DATA BELOW —
= = =

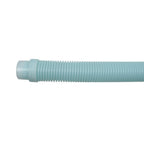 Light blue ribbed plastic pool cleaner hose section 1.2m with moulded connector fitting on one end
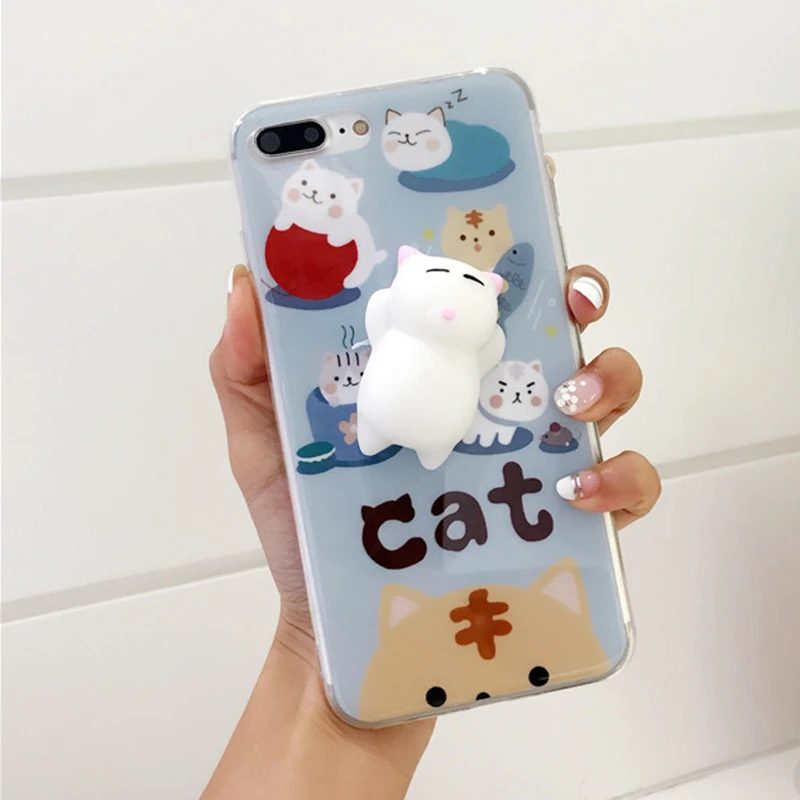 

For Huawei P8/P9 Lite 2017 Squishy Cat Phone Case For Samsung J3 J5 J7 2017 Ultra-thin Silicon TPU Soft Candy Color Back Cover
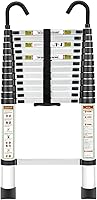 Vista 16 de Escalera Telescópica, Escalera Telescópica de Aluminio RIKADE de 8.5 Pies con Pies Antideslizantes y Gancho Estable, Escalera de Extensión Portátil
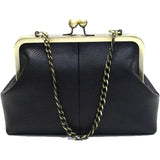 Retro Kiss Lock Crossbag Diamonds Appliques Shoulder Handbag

= = =

EXERCISE DESCRIPTION — Please write every line above out exactly as given, except for any pictures.

RESPONSE TO THE TASK —
 Light blue ribbed plastic pool cleaner hose section 1.2m with moulded connector fitting on one end

For Huawei P8/P9 Lite 2017 Squishy Cat Phone Case For Samsung J3 J5 J7 2017 Ultra-thin Silicon TPU Soft Candy Color Back Cover
 Vista 16 de Escalera Telescópica, Escalera Telescópica de Aluminio RIKADE de 8.5 Pies con Pies Antideslizantes y Gancho Estable, Escalera de Extensión Portátil
 Retro Kiss Lock Crossbag Diamonds Appliques Shoulder Handbag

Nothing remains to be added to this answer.